▶ **Work instructions**
Please, starting at the line that contains "میوه و سبزی خشک کن سنکور مدل SFD 2105", reproduce every line exactly until the records run out, skipping all pictures.

Data records:
________

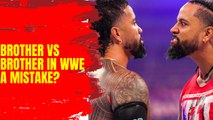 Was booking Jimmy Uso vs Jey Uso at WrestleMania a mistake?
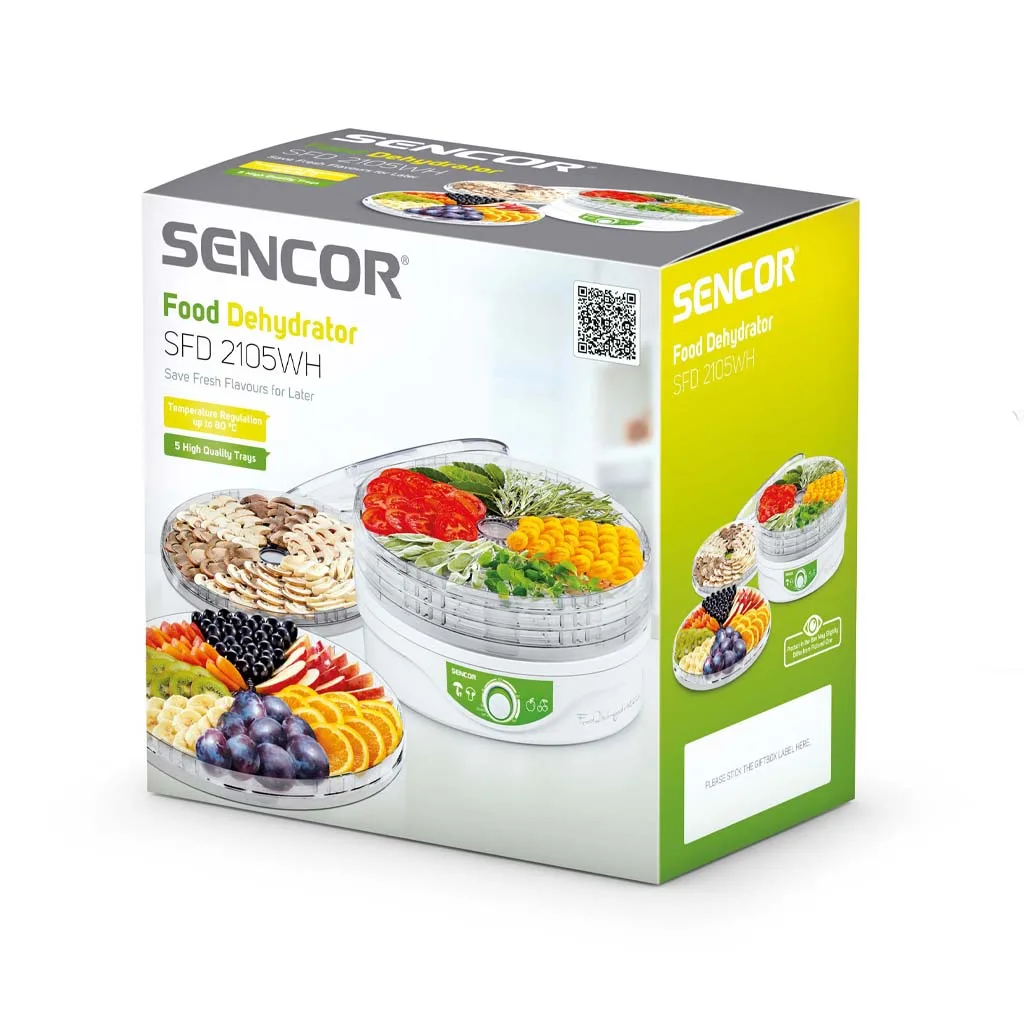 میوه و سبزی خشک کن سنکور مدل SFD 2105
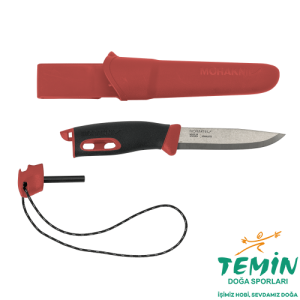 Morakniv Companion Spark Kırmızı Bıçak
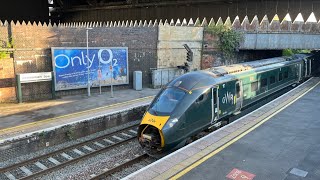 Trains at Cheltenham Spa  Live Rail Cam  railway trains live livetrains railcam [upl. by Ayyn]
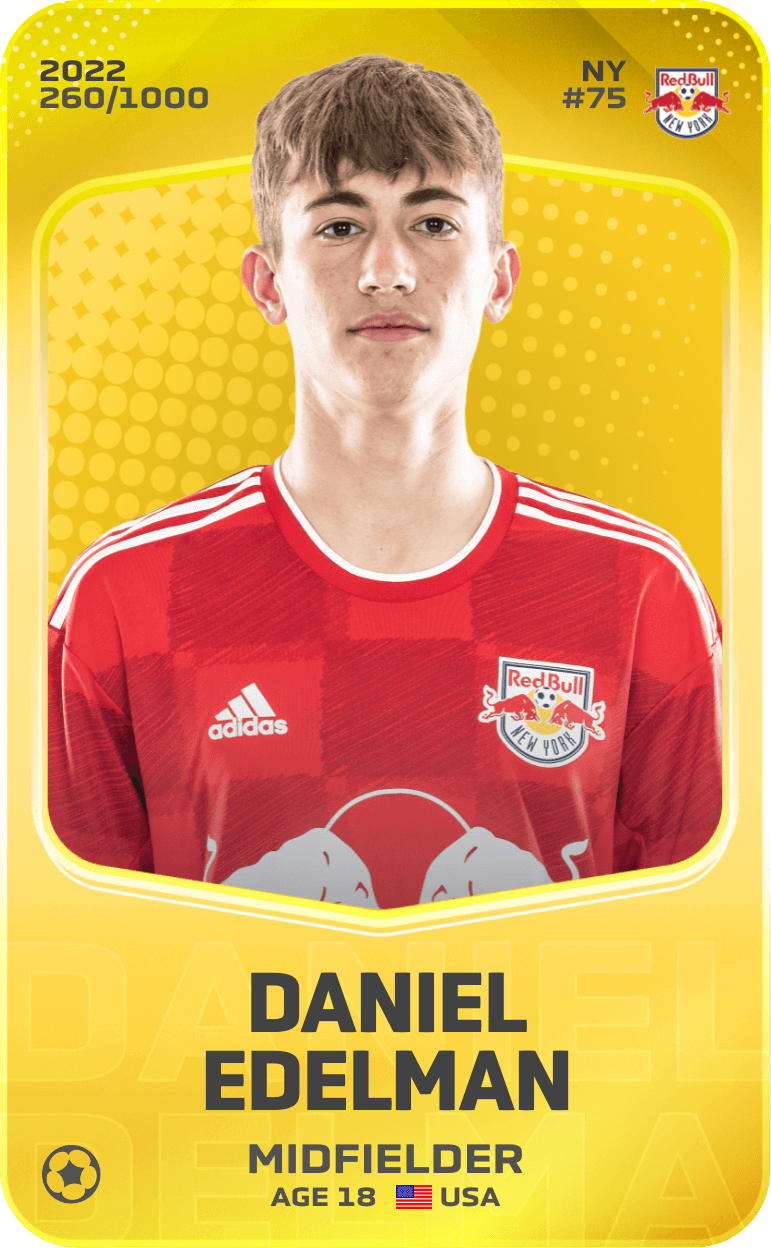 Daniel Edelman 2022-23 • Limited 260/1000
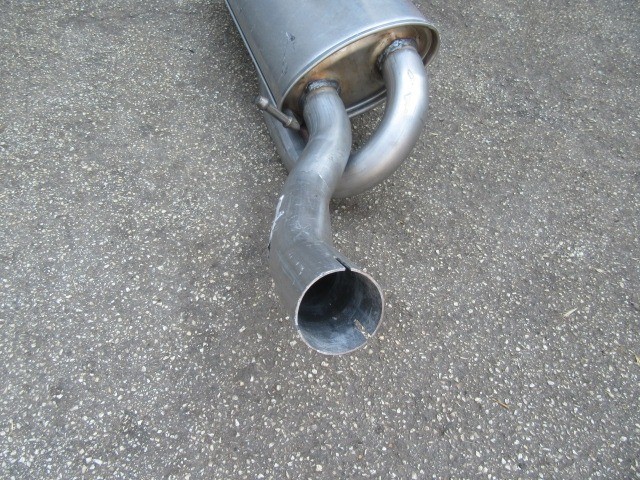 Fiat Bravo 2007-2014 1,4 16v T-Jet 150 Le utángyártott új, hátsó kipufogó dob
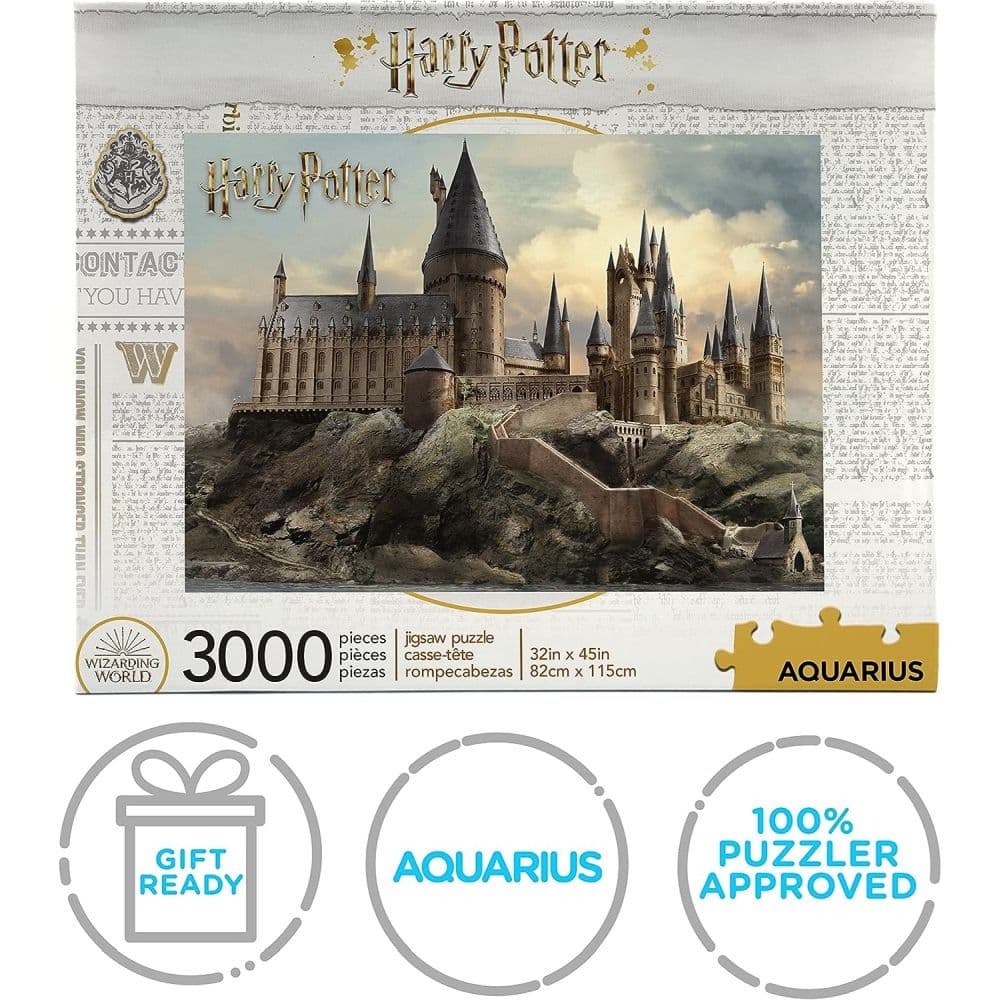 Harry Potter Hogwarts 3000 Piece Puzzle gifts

________

▶ **Result**
 میوه و سبزی خشک کن سنکور مدل SFD 2105
 Morakniv Companion Spark Kırmızı Bıçak
 Trains at Cheltenham Spa  Live Rail Cam  railway trains live livetrains railcam [upl. by Ayyn]
 Daniel Edelman 2022-23 • Limited 260/1000
 Fiat Bravo 2007-2014 1,4 16v T-Jet 150 Le utángyártott új, hátsó kipufogó dob
 Harry Potter Hogwarts 3000 Piece Puzzle gifts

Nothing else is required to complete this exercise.